A group of battle-ready residents on Tuesday kicked off plans to oppose a proposed grocery store on Madison's east side.
The group, consisting of more than a dozen neighbors in the Grandview Commons development, hopes to rally support to block the construction of a 62,000-square foot Copps store in their town square on North Star Drive.
"This is a fight we gotta dig in and win," resident John Driscoll said at the meeting in the Grandview Commons neighborhood. "We're not opposed to a store. We want a market, we want a city square, but it's got to be appropriately sized, and put in the right place."
Neighbors take issue with the size of the proposed store, designed to attract customers from outside the Grandview Commons development, which is billed as "an all-inclusive living environment." Many fear the added traffic will cause safety hazards that families have specifically sought to avoid.

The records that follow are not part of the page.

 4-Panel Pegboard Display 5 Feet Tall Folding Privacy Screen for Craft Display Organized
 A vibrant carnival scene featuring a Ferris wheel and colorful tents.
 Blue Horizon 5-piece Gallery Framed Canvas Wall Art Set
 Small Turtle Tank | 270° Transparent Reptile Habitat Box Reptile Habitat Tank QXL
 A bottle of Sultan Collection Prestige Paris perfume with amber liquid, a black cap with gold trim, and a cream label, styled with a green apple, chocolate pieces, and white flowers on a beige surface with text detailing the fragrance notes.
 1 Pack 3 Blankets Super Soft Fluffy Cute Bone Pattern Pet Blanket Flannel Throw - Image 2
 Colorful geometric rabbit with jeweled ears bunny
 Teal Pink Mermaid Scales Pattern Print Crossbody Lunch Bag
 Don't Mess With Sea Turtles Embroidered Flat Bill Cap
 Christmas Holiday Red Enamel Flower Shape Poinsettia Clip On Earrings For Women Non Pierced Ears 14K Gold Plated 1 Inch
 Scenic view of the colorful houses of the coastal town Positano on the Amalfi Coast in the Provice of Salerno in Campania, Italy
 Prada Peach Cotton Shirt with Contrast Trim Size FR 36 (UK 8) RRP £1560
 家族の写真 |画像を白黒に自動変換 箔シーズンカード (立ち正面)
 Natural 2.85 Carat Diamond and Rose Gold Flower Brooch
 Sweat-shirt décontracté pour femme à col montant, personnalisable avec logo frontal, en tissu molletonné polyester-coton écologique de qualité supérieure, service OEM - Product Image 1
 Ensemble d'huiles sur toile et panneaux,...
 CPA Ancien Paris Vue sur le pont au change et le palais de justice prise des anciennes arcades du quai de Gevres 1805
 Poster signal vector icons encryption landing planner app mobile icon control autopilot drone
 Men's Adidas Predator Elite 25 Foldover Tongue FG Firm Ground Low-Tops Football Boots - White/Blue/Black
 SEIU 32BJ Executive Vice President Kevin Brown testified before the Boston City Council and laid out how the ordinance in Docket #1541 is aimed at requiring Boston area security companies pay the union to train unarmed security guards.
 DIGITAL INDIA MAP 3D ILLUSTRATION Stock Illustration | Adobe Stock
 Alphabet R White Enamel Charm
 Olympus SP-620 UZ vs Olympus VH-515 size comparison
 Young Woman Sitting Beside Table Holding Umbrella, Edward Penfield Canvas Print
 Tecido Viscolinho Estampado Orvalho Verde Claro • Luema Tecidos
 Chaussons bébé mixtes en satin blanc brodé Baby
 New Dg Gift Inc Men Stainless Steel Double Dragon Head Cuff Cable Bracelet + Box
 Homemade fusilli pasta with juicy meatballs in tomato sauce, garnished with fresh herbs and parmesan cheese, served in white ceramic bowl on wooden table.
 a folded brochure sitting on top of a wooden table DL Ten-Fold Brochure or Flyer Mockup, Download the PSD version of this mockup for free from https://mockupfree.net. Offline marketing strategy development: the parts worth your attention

Apprehension over safety and size were also aired at a preliminary meeting in February. Developers at that meeting said the economic constraints of the area point to a mid-size store -- larger than a Trader Joe's, but smaller than a Woodman's.
"We don't want to just have people stopping for milk and bread, we want this to be your large one-stop shop," said Dan Farrell, a representative of Roundy's, which owns the Copps chain.
In addition to the grocery store developers and city representatives, the group plans to take aim at Veridian Homes, the developer of their "new urbanism" community.
"I did not move to this neighborhood to deal with commercial trucks and property," John Vardallas, a neighbor said. "This place has porches and a sense of neighborhood, and if you take them to task on their marketing it flies in the face of their motto of 'Dream Build Live.'"
Ald. Lauren Cnare, who represents the neighborhood, is in favor of a grocery store, but admits the current proposal may not be the perfect fit for the area.
"We have to think logically about how everyone who lives there now is going to a grocery store and they don't walk," says Cnare, who was not at Tuesday's meeting. "So there's traffic anyway."
Neighbors at the meeting took the alder to task for wanting to push the proposal through, but Cnare said she is dedicated to the official process.
"Some folks are like 'sure go ahead,' but some aren't," says Cnare. "This is the normal course of discussion. At the end of the day, if we decide it's not a good fit that's okay, but it's not okay to hijack procedures and not try to be as fully engaged as we can."
Neighbors including Barbara Davis plan to distribute flyers this weekend to gain support for a smaller store and draw attention to the next Plan Commission meeting, on April 26.